§ **Aim of the exercise**:
When you reach the line containing "or to store" in the entries below, begin reproducing lines exactly, and stop once the line containing "4 Understanding segmentation" is done.

§ **Records for processing**:
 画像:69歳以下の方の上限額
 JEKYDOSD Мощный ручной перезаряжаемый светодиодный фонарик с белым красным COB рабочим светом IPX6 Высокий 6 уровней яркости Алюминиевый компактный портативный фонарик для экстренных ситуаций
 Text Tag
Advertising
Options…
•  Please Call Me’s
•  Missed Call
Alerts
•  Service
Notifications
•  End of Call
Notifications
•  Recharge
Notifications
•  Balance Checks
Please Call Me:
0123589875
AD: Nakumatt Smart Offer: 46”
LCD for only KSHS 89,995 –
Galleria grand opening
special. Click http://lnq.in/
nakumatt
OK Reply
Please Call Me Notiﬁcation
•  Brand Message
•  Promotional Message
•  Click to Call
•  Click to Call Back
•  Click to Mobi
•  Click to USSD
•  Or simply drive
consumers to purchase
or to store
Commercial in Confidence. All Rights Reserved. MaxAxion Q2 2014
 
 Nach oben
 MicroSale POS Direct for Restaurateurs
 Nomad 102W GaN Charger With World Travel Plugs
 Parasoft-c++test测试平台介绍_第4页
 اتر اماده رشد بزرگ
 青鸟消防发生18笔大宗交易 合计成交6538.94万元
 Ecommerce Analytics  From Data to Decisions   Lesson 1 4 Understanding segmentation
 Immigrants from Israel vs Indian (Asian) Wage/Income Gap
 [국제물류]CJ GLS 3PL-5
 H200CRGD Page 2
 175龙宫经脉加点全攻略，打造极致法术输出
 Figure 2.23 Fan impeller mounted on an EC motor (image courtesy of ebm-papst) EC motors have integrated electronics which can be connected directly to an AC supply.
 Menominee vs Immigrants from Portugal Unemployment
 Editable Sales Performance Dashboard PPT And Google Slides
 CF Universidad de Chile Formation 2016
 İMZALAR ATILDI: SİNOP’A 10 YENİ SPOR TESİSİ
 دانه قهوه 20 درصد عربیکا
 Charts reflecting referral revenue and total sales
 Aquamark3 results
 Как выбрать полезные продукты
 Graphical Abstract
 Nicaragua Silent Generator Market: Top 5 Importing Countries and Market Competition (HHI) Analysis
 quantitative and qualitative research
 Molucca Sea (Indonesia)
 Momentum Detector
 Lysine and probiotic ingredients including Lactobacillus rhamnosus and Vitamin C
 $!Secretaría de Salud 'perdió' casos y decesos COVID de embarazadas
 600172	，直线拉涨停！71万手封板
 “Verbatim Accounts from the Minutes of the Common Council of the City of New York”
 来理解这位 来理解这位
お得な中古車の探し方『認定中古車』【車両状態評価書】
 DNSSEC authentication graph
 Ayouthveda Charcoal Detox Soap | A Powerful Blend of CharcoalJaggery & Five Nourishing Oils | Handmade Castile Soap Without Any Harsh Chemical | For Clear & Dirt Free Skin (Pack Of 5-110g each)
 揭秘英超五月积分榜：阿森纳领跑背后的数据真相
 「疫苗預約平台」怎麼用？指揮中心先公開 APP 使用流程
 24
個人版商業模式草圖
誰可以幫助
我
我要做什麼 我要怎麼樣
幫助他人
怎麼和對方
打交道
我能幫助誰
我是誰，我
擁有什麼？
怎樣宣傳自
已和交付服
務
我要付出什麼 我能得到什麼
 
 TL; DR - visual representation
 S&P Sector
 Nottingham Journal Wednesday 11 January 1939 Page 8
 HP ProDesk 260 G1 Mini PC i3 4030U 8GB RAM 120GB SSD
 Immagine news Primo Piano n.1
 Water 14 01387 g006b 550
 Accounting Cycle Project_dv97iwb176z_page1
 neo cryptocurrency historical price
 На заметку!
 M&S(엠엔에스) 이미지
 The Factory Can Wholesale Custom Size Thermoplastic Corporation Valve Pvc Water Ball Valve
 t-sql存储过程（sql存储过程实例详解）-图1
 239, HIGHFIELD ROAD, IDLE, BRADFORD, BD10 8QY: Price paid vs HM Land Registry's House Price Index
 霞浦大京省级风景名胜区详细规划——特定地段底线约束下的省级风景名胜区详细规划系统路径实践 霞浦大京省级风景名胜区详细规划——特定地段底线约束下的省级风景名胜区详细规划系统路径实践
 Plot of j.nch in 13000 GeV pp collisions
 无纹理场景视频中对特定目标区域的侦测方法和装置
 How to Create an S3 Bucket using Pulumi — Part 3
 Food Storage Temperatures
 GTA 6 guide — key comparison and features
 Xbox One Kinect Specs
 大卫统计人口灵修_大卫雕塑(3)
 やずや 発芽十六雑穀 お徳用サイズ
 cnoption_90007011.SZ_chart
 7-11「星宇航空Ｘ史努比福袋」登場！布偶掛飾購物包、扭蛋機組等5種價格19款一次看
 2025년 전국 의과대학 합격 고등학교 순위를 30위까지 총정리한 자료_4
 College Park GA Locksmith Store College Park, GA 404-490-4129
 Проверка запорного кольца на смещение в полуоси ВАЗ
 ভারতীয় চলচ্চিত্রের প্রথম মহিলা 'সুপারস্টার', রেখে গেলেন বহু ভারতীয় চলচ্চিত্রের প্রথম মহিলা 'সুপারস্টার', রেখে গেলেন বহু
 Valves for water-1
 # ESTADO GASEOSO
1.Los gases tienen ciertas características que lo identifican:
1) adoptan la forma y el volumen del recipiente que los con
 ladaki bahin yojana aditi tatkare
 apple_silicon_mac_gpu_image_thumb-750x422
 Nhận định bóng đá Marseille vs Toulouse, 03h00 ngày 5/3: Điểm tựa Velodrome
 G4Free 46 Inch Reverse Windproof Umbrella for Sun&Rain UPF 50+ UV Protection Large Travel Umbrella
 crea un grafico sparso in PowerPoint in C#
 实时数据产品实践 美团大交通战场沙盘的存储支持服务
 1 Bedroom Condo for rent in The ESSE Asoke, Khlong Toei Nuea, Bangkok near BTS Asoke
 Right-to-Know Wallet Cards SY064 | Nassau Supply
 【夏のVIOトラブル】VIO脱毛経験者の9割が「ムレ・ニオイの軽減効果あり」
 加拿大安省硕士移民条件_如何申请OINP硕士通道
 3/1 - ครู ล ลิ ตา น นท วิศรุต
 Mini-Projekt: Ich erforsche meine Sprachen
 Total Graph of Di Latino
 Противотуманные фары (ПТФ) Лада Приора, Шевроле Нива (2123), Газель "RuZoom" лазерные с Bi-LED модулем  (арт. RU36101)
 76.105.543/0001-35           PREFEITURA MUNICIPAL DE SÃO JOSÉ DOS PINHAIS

§ **Exercise solution**:
or to store
Commercial in Confidence. All Rights Reserved. MaxAxion Q2 2014
 
 Nach oben
 MicroSale POS Direct for Restaurateurs
 Nomad 102W GaN Charger With World Travel Plugs
 Parasoft-c++test测试平台介绍_第4页
 اتر اماده رشد بزرگ
 青鸟消防发生18笔大宗交易 合计成交6538.94万元
 Ecommerce Analytics  From Data to Decisions   Lesson 1 4 Understanding segmentation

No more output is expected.